What Goes Down Sometimes Comes UpThe problems all started this weekend when Mrs. Poobah flushed the toilet and let out an otherworldly scream. "Poooo! (meaning me, the Poobah, not the actual poo) there's shit in the shower."
"Oh shit," I said in a statement of the obvious. "I'll get the plunger and see what I can do." After all, there's nothing I like better than a little plumbing early on a Sunday morning. I was stoked, let me tell you. It isn't often a suburban male is presented with such a testosterone-fueled test of masculinity.
After some furious pumping, all I managed to accomplish was to flush more shit into the shower, the bathtub, and the sinks.
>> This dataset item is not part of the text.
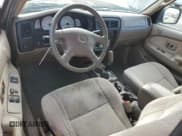 ✅ 2004 Toyota Tacoma PreRunner • VIN: 5TESM92N84Z387347 • Лот: 50037625. Опубликован ранее на Copart с пробегом 170 910 миль. Бесплатный доступ к архиву аукционных продаж из США и подробный отчёт об истории автомобиля на DreamBid. Изображение 9.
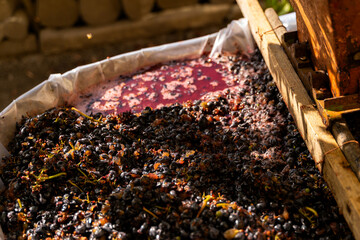 Traditional winemaking process showcasing crushed grapes in a wooden fermentation vat, surrounded...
I'm not sure, but I think some of it might even have come up in the dog's water dish. It was time for a call to Roto-Rooter - "and away go troubles down the drain". Alas, if it were only true.
Six hours, two rooter heads, and several calls for a backup from a crack SWAT team of special forces plumbers later, I was presented for a bill for $1118 and the great news that there was a collapse in my sewer pipe at some indeterminate point between my house and the main, about 200 ft and two neighboring backyards away. To find it, we would apparently need a "locator specialist" equipped with more high-tech equipment than a nuclear submarine.
He arrived this morning and finished his work in quick order. I guess you can do that when you have about $12 million worth of equipment. After 10 minutes he presented me with a shrug and an estimate of $6200 to dig up the pipe and determine if it could be fixed. Now $6200 seems like a big sum for a hole in the ground, but it is my good fortune that this will be no regular hole.
It will be six feet deep, dug by hand because there is no way to get heavy equipment to it. It will be on the side of a steep hill that will require shoring to guard against collapse. It will be dug carefully because is is about six inches from the footing for my two story deck. A large flower box and a healthy crop of weeds will have to be removed as well.
Once the hole is opened, they'll know whether the problem can be fixed. That's right, $6200 to figure out if they can fix the problem. If so, they will replace a small section of pipe and continue clearing the line, running the chance we may uncover another break farther down (the good news). If they can't, they'll need to drive a new pipe through our backyard, under a fence and drainage culvert, through two more backyards (necessitating removing their fences as well), into the street below, and 12-15 feet down to the main (the not-so-good news).
In addition, two different sanitation districts are arguing over who owns the main, which lays directly on top of the dividing line between the districts. We'll probably need mediators from the State Department to solve the ownership issue. The construction of the Hoover Dam may not have been this complex. I'm not sure if they will need to call in the Army Corps of Engineers or not.
Now you may be gasping at my ill-fortune at this point. But for me, this is just another day if home ownership. Over the past 20 years I've had to disassemble a wall to get to a cleanout trap, remove a yard-sized, plastic pool lining from under my lawn, and cope with a scalding pipe that burst at 2 am, ruining a freshly cleaned carpet, a newish sofa, and scalding our dog. I'm old and wizened in the ways of the home owner. For me this is another yawn, albeight an expensive one.
Like they say, "when it rains, it pours". Man, I wish I could my hands on that little Morton Salt bitch.